Caption-style text data:
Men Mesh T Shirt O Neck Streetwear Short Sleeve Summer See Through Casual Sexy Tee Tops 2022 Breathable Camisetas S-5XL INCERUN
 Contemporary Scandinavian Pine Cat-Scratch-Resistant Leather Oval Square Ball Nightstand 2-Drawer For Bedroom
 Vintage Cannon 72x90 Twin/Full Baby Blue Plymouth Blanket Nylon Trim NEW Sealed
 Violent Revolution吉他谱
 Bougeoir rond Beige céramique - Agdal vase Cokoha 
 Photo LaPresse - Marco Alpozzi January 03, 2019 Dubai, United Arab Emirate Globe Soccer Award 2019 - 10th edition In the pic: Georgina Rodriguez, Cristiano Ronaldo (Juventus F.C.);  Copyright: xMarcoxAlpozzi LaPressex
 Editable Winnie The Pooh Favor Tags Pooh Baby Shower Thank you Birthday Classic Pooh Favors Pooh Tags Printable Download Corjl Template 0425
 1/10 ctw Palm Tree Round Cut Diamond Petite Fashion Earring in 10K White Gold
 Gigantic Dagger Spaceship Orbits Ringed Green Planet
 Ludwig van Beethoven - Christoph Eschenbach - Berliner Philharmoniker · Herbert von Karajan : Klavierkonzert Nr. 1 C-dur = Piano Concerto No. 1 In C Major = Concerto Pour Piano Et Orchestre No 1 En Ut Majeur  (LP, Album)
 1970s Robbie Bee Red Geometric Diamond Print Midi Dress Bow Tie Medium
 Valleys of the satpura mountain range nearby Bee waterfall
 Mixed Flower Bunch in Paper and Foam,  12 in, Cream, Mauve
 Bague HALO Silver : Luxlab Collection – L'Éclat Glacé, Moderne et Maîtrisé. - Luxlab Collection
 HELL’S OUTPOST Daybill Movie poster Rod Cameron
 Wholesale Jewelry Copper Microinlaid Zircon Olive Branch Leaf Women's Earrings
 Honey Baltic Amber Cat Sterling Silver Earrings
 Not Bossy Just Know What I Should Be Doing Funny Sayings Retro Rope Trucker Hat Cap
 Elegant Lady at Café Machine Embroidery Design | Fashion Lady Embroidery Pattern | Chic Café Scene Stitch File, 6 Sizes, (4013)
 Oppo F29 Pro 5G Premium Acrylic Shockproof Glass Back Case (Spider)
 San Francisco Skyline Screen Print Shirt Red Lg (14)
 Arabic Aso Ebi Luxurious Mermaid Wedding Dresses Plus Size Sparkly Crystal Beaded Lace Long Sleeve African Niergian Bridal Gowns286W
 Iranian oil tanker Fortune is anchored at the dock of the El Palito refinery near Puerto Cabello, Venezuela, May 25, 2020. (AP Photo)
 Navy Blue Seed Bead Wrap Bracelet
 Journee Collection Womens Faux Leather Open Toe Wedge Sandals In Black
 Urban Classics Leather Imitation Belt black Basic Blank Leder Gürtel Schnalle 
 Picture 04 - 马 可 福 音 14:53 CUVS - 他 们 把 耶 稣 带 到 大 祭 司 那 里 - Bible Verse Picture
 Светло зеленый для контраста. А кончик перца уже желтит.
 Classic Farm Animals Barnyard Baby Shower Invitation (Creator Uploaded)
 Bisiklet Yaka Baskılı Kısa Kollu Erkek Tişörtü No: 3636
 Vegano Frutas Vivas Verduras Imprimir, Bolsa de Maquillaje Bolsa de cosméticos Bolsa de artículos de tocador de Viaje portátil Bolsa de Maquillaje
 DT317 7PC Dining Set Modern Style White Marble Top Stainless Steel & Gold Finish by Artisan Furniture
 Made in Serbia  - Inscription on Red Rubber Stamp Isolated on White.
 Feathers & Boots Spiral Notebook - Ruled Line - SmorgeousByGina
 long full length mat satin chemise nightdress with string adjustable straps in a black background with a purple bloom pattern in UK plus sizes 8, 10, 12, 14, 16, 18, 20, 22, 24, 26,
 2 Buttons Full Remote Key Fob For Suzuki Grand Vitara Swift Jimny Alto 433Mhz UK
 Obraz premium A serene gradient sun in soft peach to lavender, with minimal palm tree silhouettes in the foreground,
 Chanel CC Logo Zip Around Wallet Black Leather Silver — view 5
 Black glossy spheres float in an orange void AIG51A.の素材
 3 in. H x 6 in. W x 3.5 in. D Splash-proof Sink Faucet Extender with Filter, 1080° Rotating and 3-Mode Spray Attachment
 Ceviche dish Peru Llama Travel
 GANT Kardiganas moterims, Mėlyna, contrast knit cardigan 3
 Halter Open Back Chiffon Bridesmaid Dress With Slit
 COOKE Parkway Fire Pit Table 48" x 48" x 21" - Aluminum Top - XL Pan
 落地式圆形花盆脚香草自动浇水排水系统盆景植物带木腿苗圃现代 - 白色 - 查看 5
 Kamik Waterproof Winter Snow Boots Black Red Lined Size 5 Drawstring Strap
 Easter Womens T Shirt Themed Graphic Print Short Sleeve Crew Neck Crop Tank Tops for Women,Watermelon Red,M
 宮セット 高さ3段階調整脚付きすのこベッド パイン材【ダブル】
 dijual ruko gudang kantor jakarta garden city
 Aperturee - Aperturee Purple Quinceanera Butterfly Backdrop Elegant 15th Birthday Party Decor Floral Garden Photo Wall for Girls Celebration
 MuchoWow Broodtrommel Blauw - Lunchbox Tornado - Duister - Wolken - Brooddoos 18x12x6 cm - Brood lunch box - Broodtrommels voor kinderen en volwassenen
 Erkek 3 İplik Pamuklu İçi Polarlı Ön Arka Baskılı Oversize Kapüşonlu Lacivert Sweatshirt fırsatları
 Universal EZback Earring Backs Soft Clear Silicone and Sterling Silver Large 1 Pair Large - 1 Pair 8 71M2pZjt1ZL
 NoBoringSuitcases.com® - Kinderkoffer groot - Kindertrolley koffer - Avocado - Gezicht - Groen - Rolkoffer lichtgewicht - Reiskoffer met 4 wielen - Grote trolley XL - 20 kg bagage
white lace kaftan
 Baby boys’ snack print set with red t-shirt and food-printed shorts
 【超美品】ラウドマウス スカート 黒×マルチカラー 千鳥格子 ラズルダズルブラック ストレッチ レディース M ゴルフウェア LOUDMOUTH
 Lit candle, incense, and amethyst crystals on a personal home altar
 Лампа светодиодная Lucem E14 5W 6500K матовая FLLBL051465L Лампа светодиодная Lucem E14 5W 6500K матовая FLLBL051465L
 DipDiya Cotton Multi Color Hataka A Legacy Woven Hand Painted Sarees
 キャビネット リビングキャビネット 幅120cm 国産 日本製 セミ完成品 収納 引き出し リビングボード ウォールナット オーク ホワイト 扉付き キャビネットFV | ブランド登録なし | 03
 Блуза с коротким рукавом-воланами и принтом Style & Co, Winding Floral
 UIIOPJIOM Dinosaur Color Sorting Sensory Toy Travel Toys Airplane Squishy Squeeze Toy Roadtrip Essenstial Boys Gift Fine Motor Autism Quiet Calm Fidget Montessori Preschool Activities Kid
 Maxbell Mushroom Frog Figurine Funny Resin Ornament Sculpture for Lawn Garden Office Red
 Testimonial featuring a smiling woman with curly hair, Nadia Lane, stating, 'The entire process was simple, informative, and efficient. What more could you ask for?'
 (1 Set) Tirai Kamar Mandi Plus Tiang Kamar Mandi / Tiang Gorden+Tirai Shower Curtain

> [Task to complete]:
Please retype exactly the line containing "NoBoringSuitcases.com® - Kinderkoffer" and each line after it to the end of the records, and nothing more.

> [Output]:
 NoBoringSuitcases.com® - Kinderkoffer groot - Kindertrolley koffer - Avocado - Gezicht - Groen - Rolkoffer lichtgewicht - Reiskoffer met 4 wielen - Grote trolley XL - 20 kg bagage
white lace kaftan
 Baby boys’ snack print set with red t-shirt and food-printed shorts
 【超美品】ラウドマウス スカート 黒×マルチカラー 千鳥格子 ラズルダズルブラック ストレッチ レディース M ゴルフウェア LOUDMOUTH
 Lit candle, incense, and amethyst crystals on a personal home altar
 Лампа светодиодная Lucem E14 5W 6500K матовая FLLBL051465L Лампа светодиодная Lucem E14 5W 6500K матовая FLLBL051465L
 DipDiya Cotton Multi Color Hataka A Legacy Woven Hand Painted Sarees
 キャビネット リビングキャビネット 幅120cm 国産 日本製 セミ完成品 収納 引き出し リビングボード ウォールナット オーク ホワイト 扉付き キャビネットFV | ブランド登録なし | 03
 Блуза с коротким рукавом-воланами и принтом Style & Co, Winding Floral
 UIIOPJIOM Dinosaur Color Sorting Sensory Toy Travel Toys Airplane Squishy Squeeze Toy Roadtrip Essenstial Boys Gift Fine Motor Autism Quiet Calm Fidget Montessori Preschool Activities Kid
 Maxbell Mushroom Frog Figurine Funny Resin Ornament Sculpture for Lawn Garden Office Red
 Testimonial featuring a smiling woman with curly hair, Nadia Lane, stating, 'The entire process was simple, informative, and efficient. What more could you ask for?'
 (1 Set) Tirai Kamar Mandi Plus Tiang Kamar Mandi / Tiang Gorden+Tirai Shower Curtain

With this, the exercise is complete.